Module 5 Assignment: Detection engineering and evaluation

Module 5 Assignment: Detection engineering and evaluation#

Scenario#

You are advising a security operations center tuning AI-assisted detections before analyst rollout. The stakeholders are: SOC analyst, detection engineer, incident commander, and business system owner.

Task#

Answer the module question: How do we measure detection quality?

Use the module lab and course readings to produce: detection engineering packet with threat model, false-positive analysis, and triage workflow focused on detection engineering and evaluation: Create detection rules and evaluate false positives..

Required Evidence#

  • Define the decision or system boundary in one paragraph.

  • Identify the dataset, proxy data, or evidence source you used: synthetic security telemetry with login velocity, data transfer volume, process rarity, and threat labels.

  • Compare at least two alternatives, baselines, policies, or designs.

  • Report one quantitative result or structured scoring table.

  • Explain two failure modes and one mitigation for each.
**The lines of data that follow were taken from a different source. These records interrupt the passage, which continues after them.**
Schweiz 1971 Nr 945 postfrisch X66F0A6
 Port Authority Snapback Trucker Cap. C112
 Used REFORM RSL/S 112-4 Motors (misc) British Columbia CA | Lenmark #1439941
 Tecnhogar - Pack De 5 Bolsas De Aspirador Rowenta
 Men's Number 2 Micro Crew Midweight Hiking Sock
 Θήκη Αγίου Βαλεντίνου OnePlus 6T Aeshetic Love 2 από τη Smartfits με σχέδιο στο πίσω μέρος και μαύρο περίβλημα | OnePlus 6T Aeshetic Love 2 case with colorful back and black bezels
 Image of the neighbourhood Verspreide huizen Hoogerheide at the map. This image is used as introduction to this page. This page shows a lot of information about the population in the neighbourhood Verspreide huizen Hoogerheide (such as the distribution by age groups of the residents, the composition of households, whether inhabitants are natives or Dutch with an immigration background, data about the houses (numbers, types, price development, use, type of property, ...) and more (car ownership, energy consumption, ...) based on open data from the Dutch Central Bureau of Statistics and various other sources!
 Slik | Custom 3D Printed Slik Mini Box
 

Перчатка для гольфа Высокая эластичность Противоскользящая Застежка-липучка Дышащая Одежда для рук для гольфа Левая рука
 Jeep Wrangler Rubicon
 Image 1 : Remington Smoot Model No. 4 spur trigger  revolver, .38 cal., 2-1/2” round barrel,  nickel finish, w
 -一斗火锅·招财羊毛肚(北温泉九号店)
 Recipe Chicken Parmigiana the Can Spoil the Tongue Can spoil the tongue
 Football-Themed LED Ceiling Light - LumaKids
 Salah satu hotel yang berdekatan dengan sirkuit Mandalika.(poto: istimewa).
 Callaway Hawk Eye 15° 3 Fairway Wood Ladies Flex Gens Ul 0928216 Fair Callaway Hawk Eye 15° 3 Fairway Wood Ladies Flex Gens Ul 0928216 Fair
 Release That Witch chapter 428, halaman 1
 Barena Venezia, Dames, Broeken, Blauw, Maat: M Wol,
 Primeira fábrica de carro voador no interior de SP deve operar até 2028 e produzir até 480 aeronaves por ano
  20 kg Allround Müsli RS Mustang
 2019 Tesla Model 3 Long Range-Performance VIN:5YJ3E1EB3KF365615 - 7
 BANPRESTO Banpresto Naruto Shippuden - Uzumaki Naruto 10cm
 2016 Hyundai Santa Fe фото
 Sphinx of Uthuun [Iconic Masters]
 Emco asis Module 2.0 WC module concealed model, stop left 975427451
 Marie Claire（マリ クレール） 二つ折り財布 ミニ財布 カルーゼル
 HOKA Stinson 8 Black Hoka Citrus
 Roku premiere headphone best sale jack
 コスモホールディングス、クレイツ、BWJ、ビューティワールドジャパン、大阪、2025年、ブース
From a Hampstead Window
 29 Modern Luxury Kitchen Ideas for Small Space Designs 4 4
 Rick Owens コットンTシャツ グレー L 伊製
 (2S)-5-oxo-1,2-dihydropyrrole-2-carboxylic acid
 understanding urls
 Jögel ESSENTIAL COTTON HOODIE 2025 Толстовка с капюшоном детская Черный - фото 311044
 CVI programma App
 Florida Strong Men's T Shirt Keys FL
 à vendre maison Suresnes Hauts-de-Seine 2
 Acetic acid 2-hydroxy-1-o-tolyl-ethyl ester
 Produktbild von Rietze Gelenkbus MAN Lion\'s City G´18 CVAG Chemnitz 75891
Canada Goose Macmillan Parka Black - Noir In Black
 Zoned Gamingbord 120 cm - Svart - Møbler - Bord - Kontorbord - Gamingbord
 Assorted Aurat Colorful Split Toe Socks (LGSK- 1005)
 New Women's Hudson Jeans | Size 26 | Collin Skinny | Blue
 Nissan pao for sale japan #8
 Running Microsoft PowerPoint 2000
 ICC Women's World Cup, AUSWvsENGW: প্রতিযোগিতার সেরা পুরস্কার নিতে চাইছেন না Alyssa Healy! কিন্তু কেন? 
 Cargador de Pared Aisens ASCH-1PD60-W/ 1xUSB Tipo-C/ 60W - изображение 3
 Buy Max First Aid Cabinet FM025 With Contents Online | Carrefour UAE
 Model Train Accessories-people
  • State what additional evidence would be required before real deployment.

Submission#

Submit the completed notebook plus a 900-1200 word memo. The memo must include clear headings for context, method, evidence, risks, recommendation, and open questions.

# Assignment workspace for Module 5: Detection engineering and evaluation
module = 5
decision = "How do we measure detection quality?"
artifact = "detection engineering packet with threat model, false-positive analysis, and triage workflow focused on detection engineering and evaluation: Create detection rules and evaluate false positives."

alternatives = [
    {"option": "baseline_or_manual_process", "strength": "", "risk": "", "evidence": ""},
    {"option": "ai_assisted_or_advanced_option", "strength": "", "risk": "", "evidence": ""},
]

recommendation = {
    "decision": decision,
    "recommended_option": "",
    "minimum_evidence_before_pilot": [],
    "monitoring_metric": "",
    "rollback_trigger": "",
}

{"module": module, "artifact": artifact, "alternatives": alternatives, "recommendation": recommendation}
{'module': 5,
 'artifact': 'detection engineering packet with threat model, false-positive analysis, and triage workflow focused on detection engineering and evaluation: Create detection rules and evaluate false positives.',
 'alternatives': [{'option': 'baseline_or_manual_process',
   'strength': '',
   'risk': '',
   'evidence': ''},
  {'option': 'ai_assisted_or_advanced_option',
   'strength': '',
   'risk': '',
   'evidence': ''}],
 'recommendation': {'decision': 'How do we measure detection quality?',
  'recommended_option': '',
  'minimum_evidence_before_pilot': [],
  'monitoring_metric': '',
  'rollback_trigger': ''}}

Acceptance Criteria#

Your submission is complete only if another reviewer can reproduce your reasoning from the evidence you provide. You do not need production-grade data, but you must be explicit about proxy-data limits and what would change with real institutional data.